Mallorca gilt seit Jahrzehnten als beliebtestes Auslandsziel deutscher Urlauber, doch ab Mai müssen Reisende mit deutlich strengeren Regeln bei der Buchung von Ferienwohnungen rechnen.
Die balearische Regionalregierung setzt eine bereits angekündigte Verschärfung der Vermietungsvorschriften in Kraft, die insbesondere private Kurzzeitvermietungen betrifft.
Wer eine Unterkunft über gängige Online-Plattformen bucht, soll künftig eine gültige Lizenznummer vorfinden — andernfalls drohen sowohl Vermietern als auch Plattformen empfindliche Sanktionen.
Für spontane Reisende aus Deutschland bedeutet das vor allem eines: Das Angebot wird schrumpfen, und Last-Minute-Schnäppchen dürften seltener werden.

Weniger Angebot, höhere Preise in den Sommermonaten

Die neue Regelung zielt darauf ab, die in vielen Gemeinden Mallorcas aus dem Ruder gelaufene Ferienvermietung einzudämmen.
Nach Einschätzung von Branchenbeobachtern dürften Tausende bisher inoffiziell vermietete Objekte vom Markt verschwinden, weil die Eigentümer die Auflagen nicht erfüllen oder das aufwendige Lizenzverfahren scheuen.
Für deutsche Urlauber, die bislang häufig kurzfristig über Portale wie Airbnb oder Booking.com buchten, verengt sich damit der Spielraum.
Wer erst wenige Wochen vor dem geplanten Urlaub sucht, wird in der Hauptsaison zwischen Juni und September mit einem spürbar ausgedünnten Angebot konfrontiert sein — insbesondere im mittleren Preissegment, in dem die Nachfrage aus Deutschland traditionell am größten ist.

Marktteilnehmer rechnen mit steigenden Preisen für die verbleibenden legal vermieteten Objekte.
Bereits in den vergangenen Monaten hatten Plattformen damit begonnen, Inserate ohne gültige Registrierung zu entfernen.
Wer kurzfristig bucht, riskiert zudem, dass eine bereits bestätigte Unterkunft nachträglich aus dem System genommen wird, wenn die Lizenz nicht fristgerecht nachgewiesen wird.
Reiseveranstalter raten deshalb dazu, auf eine sichtbare Registrierungsnummer im Inserat zu achten und sich diese im Zweifel vom Vermieter bestätigen zu lassen.

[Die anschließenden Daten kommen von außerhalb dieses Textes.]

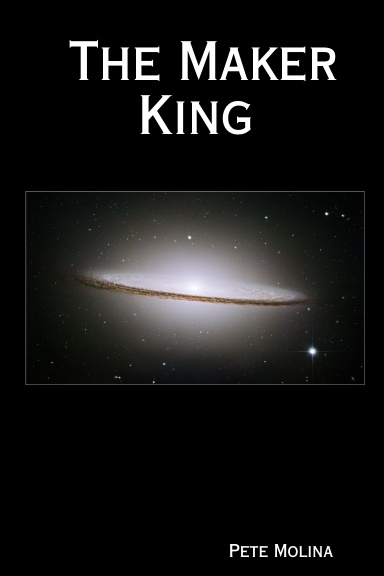 The Maker King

Besonders betroffen: Palmas Umland und die Nordküste

Die Auswirkungen verteilen sich regional sehr unterschiedlich.
Am stärksten spürbar dürften die Engpässe in den Küstenorten rund um Palma sowie an der Nordwestküste zwischen Port de Sóller und Pollença werden.
In diesen Regionen hatten Gemeinden in den vergangenen Jahren bereits Vergabestopps für neue Lizenzen verhängt, sodass dort kaum noch legale Kapazitäten hinzukommen.
Auch die Gegend um Cala d'Or im Südosten, traditionell bei deutschen Familien beliebt, gilt als besonders angespannt.

Weniger dramatisch stellt sich die Lage im Landesinneren dar, etwa im Raum Inca oder rund um die Weinregion Binissalem.
Dort existieren vielerorts ordnungsgemäß registrierte Fincas, deren Betreiber die neuen Vorgaben bereits erfüllen.
Urlauber, die flexibel bei der Lage sind und auf einen Mietwagen setzen, dürften hier auch kurzfristig noch fündig werden.
Reiseexperten empfehlen deutschen Gästen zudem, verstärkt auf klassische Hotelbuchungen oder Pauschalangebote auszuweichen, die von der Neuregelung nicht betroffen sind und in diesem Sommer eine planbarere Alternative darstellen könnten.

Was Urlauber jetzt konkret beachten sollten

Wer eine Mallorca-Reise in den kommenden Wochen bucht, sollte die angegebene Lizenznummer prüfen und im Streitfall die Stornierungsbedingungen genau kennen.
Bei Buchungen ohne eindeutige Registrierung besteht das Risiko, vor Ort ohne gültige Unterkunft dazustehen, da die lokalen Behörden angekündigt haben, verstärkt zu kontrollieren.
Branchenvertreter gehen davon aus, dass sich der Markt im Laufe des Jahres stabilisieren wird — für die diesjährige Hauptsaison bleibt die Lage jedoch angespannt, und kurzfristige Flexibilität wird teurer zu haben sein als in den Vorjahren.